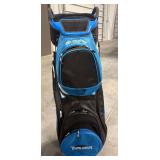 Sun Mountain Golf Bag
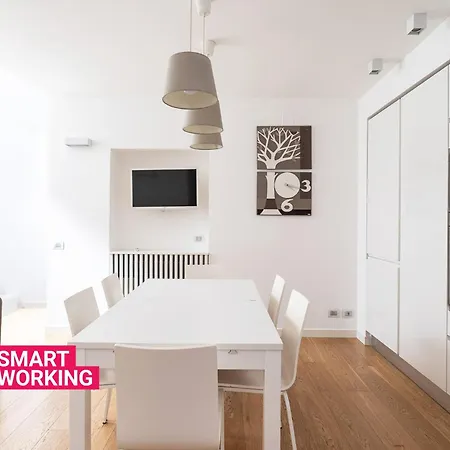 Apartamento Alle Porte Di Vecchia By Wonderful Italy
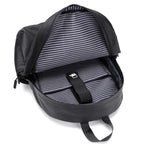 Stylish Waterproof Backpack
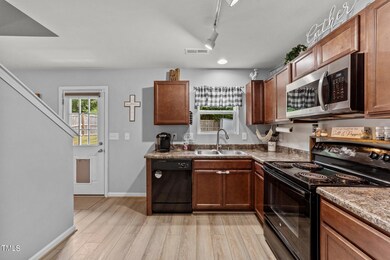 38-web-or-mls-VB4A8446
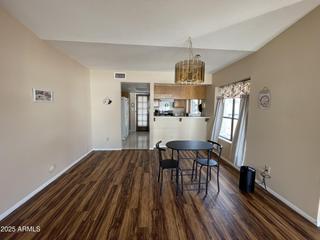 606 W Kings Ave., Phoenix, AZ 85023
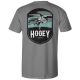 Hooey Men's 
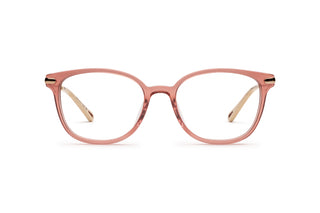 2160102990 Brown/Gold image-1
* * * * * * *
Your instructions:
Copy all of the records verbatim, omitting the pictures.

Answer to this exercise:
 Sun Mountain Golf Bag
 Apartamento Alle Porte Di Vecchia By Wonderful Italy
 Stylish Waterproof Backpack
 38-web-or-mls-VB4A8446
 606 W Kings Ave., Phoenix, AZ 85023
 Hooey Men's 
 2160102990 Brown/Gold image-1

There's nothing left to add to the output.